一年前に神戸の西・垂水に越してきて周辺を歩き、色々なところでヤマモモ(山桃・楊梅)の樹を見かけ大半が鳥の餌や無駄に熟して落ちているのを見てもったいないと思い、来年は必ず手の届く樹を見つけ採って食べてみようと思っていた。

今年春、健康公園の歩径路から外れたところにヤマモモらしい樹を見つけ時折観察していたところ、特徴のある実を付け始め、ここにきて小鳥がついばみに来る姿を見かけるようになりだいぶ熟してきた。

ヤマモモは私の子供時代、野山のものを採って食べるという意味で一番味の記憶が残っているもので、甘酸っぱい独特の味が頭の隅で早く採って食べろと急かしているような気がした。

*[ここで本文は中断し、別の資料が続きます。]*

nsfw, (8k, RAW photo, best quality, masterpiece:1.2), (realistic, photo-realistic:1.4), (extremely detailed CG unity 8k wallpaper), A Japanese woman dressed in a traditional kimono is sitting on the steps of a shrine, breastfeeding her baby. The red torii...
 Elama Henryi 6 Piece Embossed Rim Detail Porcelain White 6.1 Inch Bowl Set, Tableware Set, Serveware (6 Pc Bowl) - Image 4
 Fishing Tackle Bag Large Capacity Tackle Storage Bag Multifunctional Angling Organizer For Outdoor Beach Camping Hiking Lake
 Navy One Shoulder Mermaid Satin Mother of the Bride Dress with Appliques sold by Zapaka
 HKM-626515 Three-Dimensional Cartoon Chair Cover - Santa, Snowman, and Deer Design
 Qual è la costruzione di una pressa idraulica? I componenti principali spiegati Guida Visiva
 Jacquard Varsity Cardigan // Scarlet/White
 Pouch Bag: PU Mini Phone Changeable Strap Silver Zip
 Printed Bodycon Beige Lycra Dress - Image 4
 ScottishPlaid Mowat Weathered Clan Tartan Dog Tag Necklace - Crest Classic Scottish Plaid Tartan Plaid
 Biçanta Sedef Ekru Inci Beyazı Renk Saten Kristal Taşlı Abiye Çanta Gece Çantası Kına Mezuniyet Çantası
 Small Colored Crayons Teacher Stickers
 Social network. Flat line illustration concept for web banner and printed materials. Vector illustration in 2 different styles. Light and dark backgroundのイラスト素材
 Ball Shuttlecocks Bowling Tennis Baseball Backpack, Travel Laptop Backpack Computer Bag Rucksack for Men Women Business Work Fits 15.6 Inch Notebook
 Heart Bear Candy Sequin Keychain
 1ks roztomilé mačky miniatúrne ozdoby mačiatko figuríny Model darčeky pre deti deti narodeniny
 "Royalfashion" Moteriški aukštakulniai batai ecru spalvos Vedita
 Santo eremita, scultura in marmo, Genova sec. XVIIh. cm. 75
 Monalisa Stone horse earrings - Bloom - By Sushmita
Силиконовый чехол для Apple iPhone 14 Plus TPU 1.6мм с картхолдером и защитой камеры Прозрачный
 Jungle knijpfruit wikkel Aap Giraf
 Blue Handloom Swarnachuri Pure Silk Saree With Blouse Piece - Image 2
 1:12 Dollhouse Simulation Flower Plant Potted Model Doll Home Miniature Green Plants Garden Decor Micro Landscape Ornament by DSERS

ヤマモモの旬は短いことが分かっているので、小鳥に食べられるよりはと思い少し早いがと思いつつ焦がした色の熟したものだけ少し採ってきた。

インターネットをみると食べても害はないがヤマモモには小さな虫が寄生しており一旦塩水に浸けることとあり、その通りにすると長さ1~2mmの白い虫が10個に2~3個の割合で浮き上がってきた。

それを真水で洗い流し食べてみたところ確かに昔の記憶に有ったような独特の酸っぱい感じが甦ってきたが、残念ながら頭の隅に有った美味しいイメージにはたどり着くことができなかった。

子供時代の記憶は美化されて沈殿していくのか、それとも樹によって違いがあるのか分からないが、それはそうとして約60年の時を隔て思っていたことのひとつが叶ったような妙な達成感がある。

それにしてもヤマモモに寄生する虫がいることは初めて知ったが、子供時代は知らずに虫ごと大量に食べていたことになる。